Integrated circuits comprise many transistors and the electrical interconnections between them. Depending upon the interconnection topology, transistors perform Boolean logic functions like AND, OR, NOT, NOR and are referred to as gates. Some fundamental anatomy of an integrated circuit will be helpful for a full understanding of the factors affecting the flexibility and difficulty to design an integrated circuit. An integrated circuit comprises layers of a semiconductor, usually silicon, with specific areas and specific layers having different concentrations of electron and hole carriers and/or insulators. The electrical conductivity of the layers and of the distinct areas within the layers is determined by the concentration of ions referred to as dopants that are implanted into these areas. In turn, these distinct areas interact with one another to form the transistors, diodes, and other electronic devices.

These devices interact with each other by electromagnetic field interactions or by direct electrical interconnections. Openings or windows are created for electrical connections through the layers by an assortment of processing techniques including masking, layering, and etching additional materials on top of the wafers. These electrical interconnections may be within the semiconductor or may lie above the semiconductor areas using a complex mesh of conductive layers, usually of metal such as aluminum, tungsten, or copper fabricated by deposition on the surface and then selectively removed. Any of these semiconductor or connectivity layers may be separated by insulative layers, e.g., silicon dioxide.

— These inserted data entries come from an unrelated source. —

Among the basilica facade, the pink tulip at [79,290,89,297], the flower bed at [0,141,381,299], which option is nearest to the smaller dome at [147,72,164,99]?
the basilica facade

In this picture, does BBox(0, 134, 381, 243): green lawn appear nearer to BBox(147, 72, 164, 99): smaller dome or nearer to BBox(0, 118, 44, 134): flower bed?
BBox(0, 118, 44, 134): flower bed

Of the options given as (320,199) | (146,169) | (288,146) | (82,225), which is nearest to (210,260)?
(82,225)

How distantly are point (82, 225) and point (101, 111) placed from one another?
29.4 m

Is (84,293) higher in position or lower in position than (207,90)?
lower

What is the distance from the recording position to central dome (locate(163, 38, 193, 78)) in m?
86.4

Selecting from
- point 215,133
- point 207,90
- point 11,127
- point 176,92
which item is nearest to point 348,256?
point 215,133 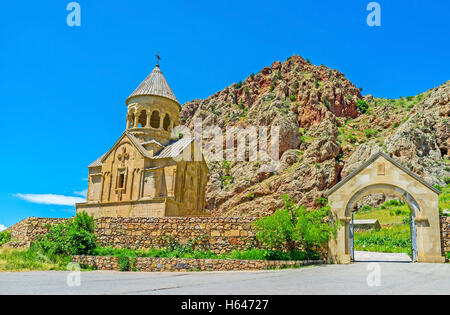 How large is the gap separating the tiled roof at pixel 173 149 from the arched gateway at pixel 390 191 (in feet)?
42.0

Integrated circuits and chips have become increasingly complex with the speed and capacity of chips doubling about every eighteen months because of the continuous advances in design software, fabrication technology, semiconductor materials, and chip design. An increased density of transistors per square centimeter and faster clock speeds, however, make it increasingly difficult to design and manufacture a chip that performs as actually desired. Unanticipated and sometimes subtle interactions between the transistors and other electronic structures may adversely affect the performance of the circuit. These difficulties increase the expense and risk of designing and fabricating chips, especially those that are custom designed for a specific application. The demand for complex custom designed chips has increased along with the demand for applications and products incorporating microprocessors, yet the time and money required to design chips have become a bottleneck to bring these products to market. Without an assured successful outcome within a specified time, the risks have risen with the costs, and the result is that fewer organizations are willing to attempt the design and manufacture of custom chips.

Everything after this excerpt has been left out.